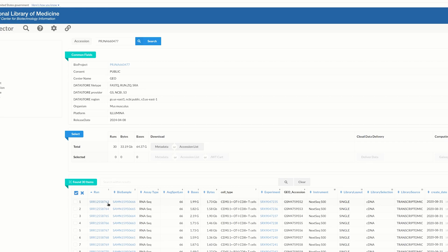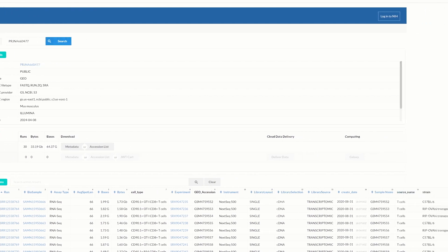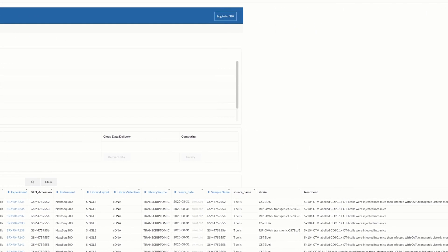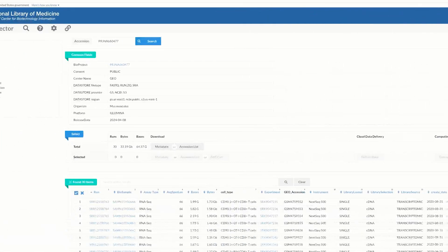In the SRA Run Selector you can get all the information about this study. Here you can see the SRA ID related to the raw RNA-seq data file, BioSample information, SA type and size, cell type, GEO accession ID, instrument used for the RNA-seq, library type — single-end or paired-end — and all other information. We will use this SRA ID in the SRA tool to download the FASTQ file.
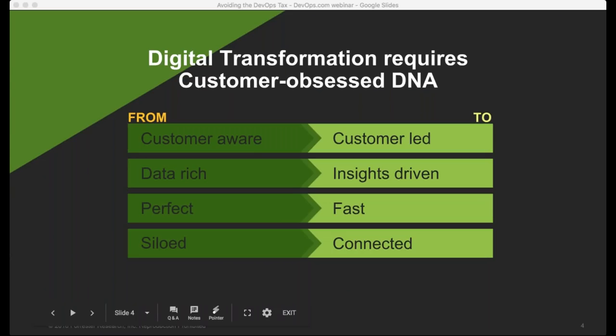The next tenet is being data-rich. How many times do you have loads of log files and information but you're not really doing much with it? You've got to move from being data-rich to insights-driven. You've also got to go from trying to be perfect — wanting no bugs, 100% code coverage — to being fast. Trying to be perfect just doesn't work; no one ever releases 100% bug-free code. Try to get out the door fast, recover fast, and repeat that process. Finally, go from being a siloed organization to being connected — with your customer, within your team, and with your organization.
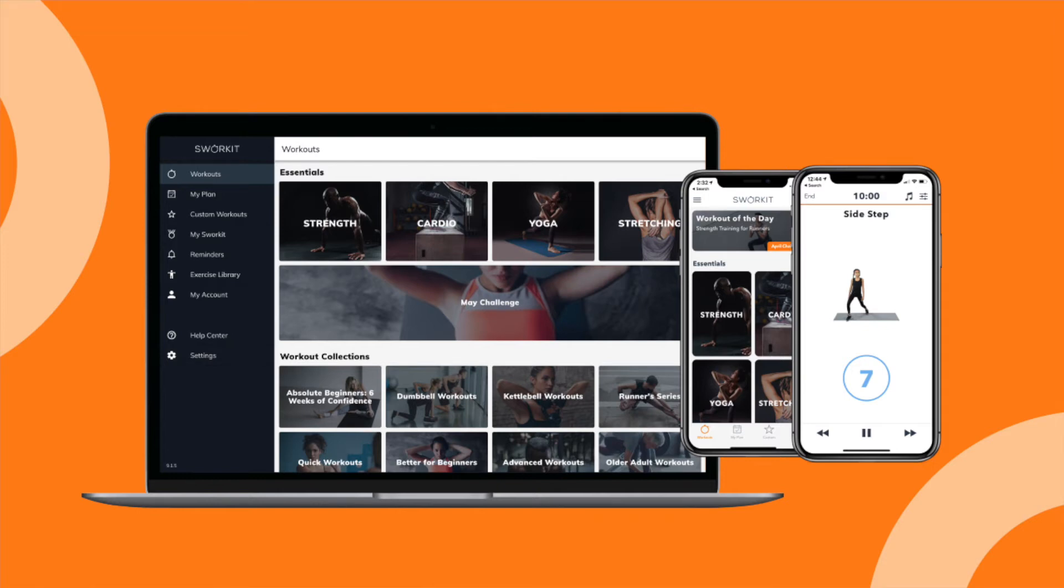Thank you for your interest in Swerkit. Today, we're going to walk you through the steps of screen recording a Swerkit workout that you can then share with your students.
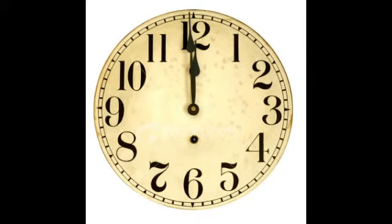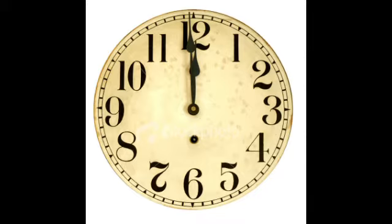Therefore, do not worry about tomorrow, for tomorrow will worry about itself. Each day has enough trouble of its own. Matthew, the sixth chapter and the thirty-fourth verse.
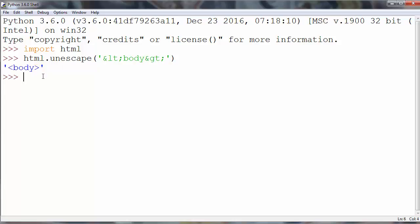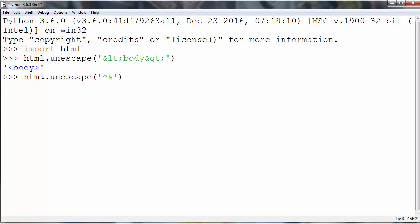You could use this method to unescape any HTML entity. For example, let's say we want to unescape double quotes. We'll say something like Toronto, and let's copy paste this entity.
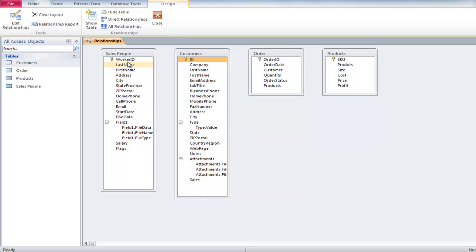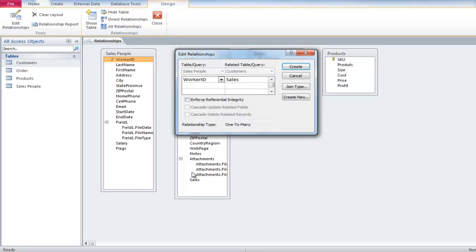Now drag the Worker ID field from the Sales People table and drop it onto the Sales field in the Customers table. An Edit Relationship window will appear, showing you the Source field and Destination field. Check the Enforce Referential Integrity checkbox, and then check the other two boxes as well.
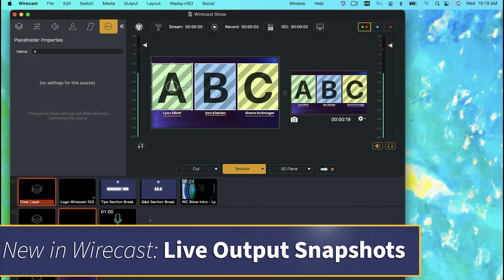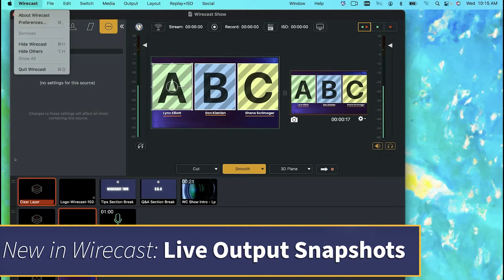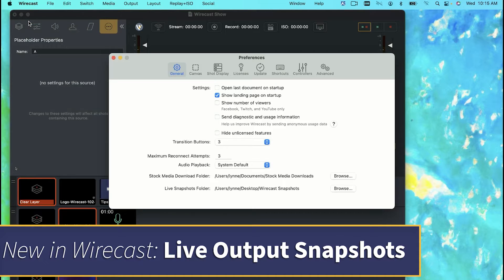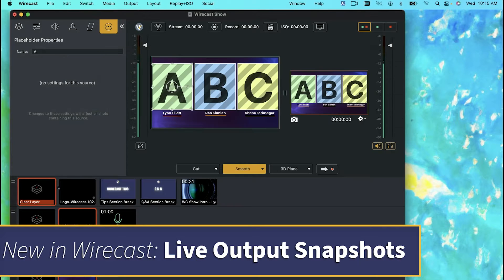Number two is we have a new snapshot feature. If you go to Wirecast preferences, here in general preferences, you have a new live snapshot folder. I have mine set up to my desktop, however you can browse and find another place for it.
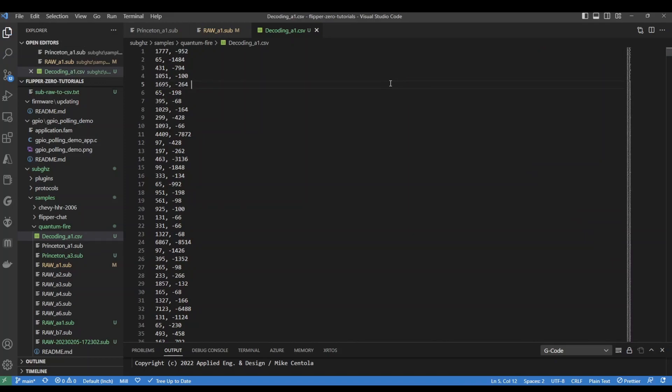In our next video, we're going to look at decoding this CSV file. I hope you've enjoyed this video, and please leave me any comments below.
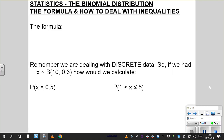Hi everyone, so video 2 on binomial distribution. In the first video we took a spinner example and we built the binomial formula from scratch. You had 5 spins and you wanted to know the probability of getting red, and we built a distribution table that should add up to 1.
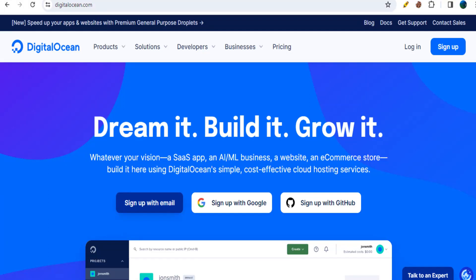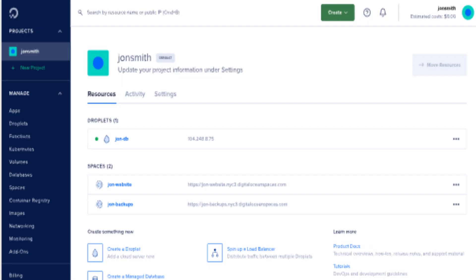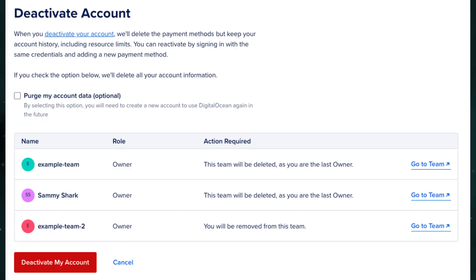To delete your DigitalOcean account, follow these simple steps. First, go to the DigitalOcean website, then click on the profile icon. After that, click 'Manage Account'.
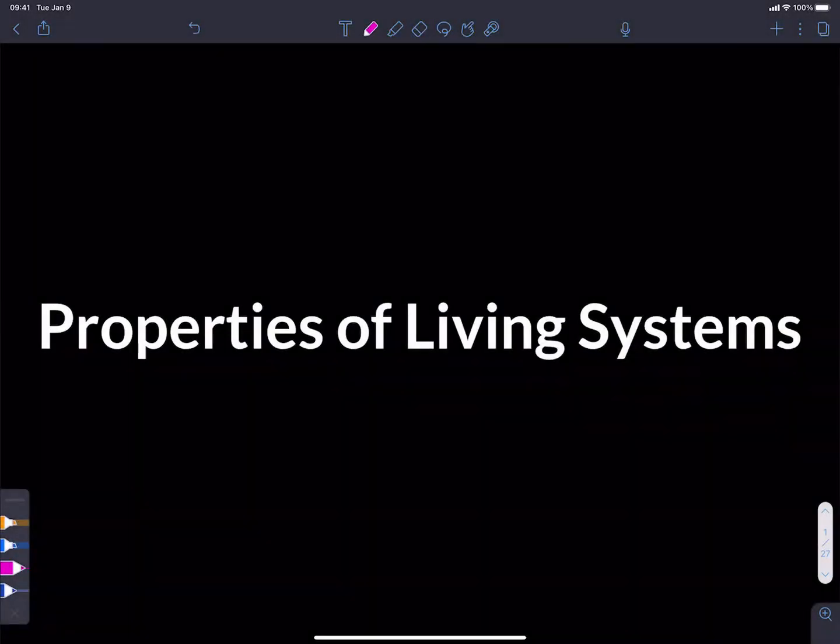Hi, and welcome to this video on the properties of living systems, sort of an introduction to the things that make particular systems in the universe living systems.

* **To do**
Locate the line containing "To delete your" in the records above, then output it and every line after it through the last, excluding pictures.

* **Answer to this task**
To delete your DigitalOcean account, follow these simple steps. First, go to the DigitalOcean website, then click on the profile icon. After that, click 'Manage Account'.
Hi, and welcome to this video on the properties of living systems, sort of an introduction to the things that make particular systems in the universe living systems.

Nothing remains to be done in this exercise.